Provided information Start Marker

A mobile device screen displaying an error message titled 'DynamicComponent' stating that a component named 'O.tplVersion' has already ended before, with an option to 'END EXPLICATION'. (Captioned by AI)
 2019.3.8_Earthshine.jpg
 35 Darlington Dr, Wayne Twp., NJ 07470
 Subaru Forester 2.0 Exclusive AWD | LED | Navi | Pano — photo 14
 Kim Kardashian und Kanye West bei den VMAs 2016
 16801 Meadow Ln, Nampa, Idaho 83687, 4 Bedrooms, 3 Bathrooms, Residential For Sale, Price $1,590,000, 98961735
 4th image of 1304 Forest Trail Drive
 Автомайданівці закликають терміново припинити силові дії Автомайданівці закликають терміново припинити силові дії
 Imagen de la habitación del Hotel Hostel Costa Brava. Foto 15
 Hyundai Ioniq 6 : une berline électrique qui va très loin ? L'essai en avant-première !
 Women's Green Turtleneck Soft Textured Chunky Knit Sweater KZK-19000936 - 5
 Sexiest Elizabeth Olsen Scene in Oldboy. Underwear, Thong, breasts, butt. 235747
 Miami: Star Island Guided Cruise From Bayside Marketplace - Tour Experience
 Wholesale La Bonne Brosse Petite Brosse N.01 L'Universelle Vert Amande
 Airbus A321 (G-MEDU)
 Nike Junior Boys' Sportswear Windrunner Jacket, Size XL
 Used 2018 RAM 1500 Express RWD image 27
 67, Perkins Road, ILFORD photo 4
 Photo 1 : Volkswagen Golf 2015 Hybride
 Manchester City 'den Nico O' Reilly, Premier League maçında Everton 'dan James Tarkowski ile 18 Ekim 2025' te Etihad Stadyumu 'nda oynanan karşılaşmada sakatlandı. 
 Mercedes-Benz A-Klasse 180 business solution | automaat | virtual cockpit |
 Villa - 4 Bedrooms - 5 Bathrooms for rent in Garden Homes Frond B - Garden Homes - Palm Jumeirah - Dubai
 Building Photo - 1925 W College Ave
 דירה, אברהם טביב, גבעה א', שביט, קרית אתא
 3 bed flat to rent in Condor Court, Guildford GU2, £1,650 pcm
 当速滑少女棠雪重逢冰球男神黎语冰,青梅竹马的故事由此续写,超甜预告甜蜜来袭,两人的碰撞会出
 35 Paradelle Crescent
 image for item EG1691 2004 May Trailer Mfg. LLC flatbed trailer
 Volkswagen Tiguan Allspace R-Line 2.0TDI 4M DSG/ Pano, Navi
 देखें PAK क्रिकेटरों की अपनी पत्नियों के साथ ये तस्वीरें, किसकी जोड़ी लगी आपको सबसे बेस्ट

Provided information End Marker

Activity
Filter the entries and copy each line with "Bedrooms".

The answer
 16801 Meadow Ln, Nampa, Idaho 83687, 4 Bedrooms, 3 Bathrooms, Residential For Sale, Price $1,590,000, 98961735
 Villa - 4 Bedrooms - 5 Bathrooms for rent in Garden Homes Frond B - Garden Homes - Palm Jumeirah - Dubai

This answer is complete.